Fiyat olması gerektiği gibi,  ne ucuz ne de pahalı. Ancak müşterilerin yiyecek içecek dışında mekânın sunduğu ortam yani dekor, ses, müzik, ışık, konfor gibi durumları da yaptıkları ödemeyle ilişkilendirdikleri bilinmektedir. Gürültülü içkili ortamlardan hoşlanmayan birisi olarak duyduğum rahatsızlığın ödemesini değil yediklerim ve içtiklerimin ödemesini yaptığımı düşünüyorum.

MayDay Rum Meyhanesi
Hoşnudiye Mahallesi Vural Sokak No:16
222 230 60 67            532 422 65 87

İzmir Midye Dolma

MayDay çıkışı hemen çaprazında bulunan İzmir Midye Dolmacı’sına gittik. İçerisi küçük ve oturabileceğimiz yer yoktu.
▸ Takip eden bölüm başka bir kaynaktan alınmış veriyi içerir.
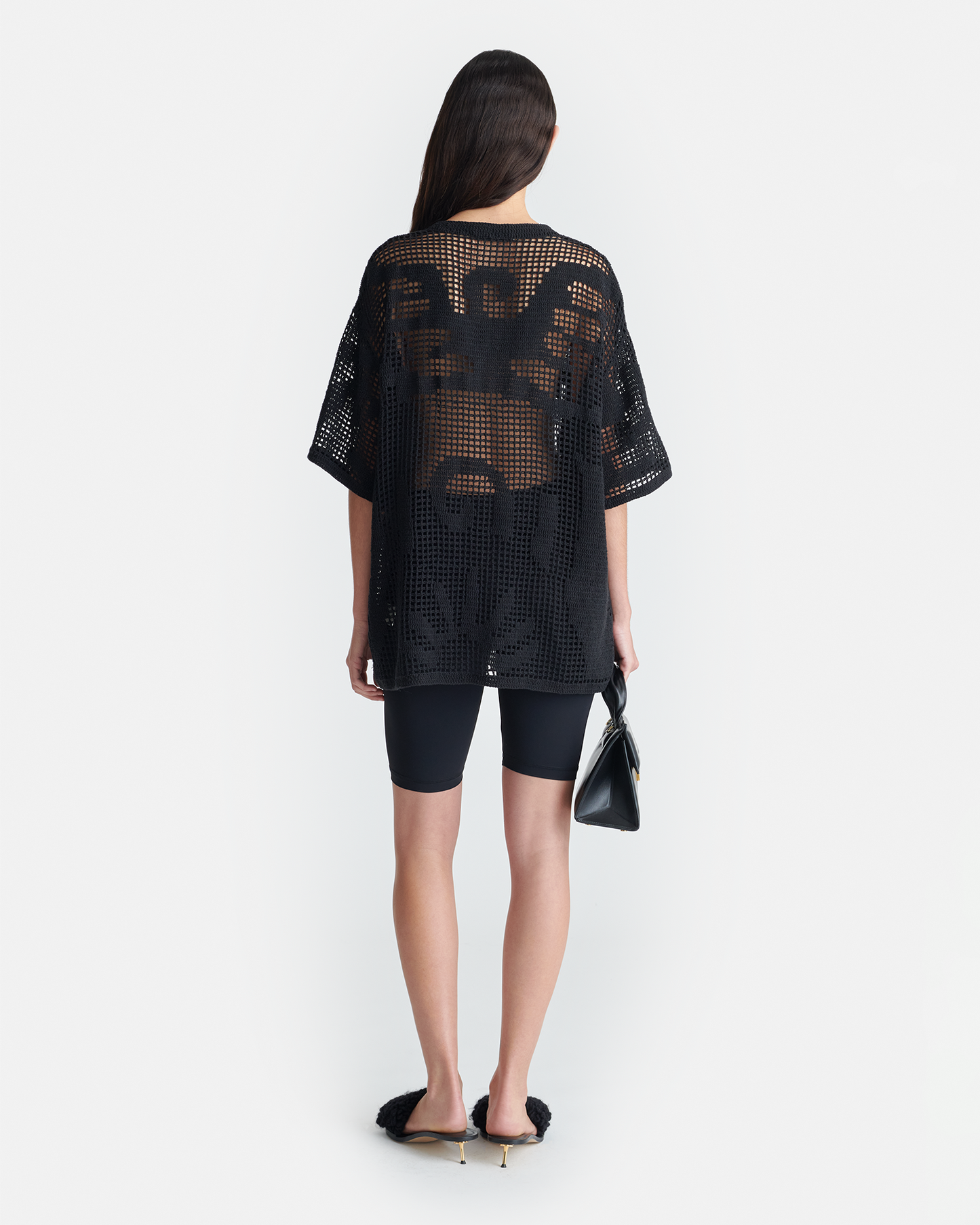 Crino - Cotton-Crochet Top - Black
Hava sıcaklığının sıfıra yakın olduğu kış mevsiminde dışarıya bir masa konuldu. Biz de biralarımızı ve ortaya bir midye dolma söyleyip iyice kapanarak oturduk. Midyeler hiç fena değildi. Hatta lezzetli geldi. Ancak yeterince rakı içip üzerine lezzet testi yapmak ne kadar doğru? Açıkçası başka bir zaman tadım yapsam nasıl değerlendiririm, bilmiyorum. İçine konulanlar, baharat dengesi, midye oranı vs gibi detayları nesnel de olsa vermek kolay olurdu.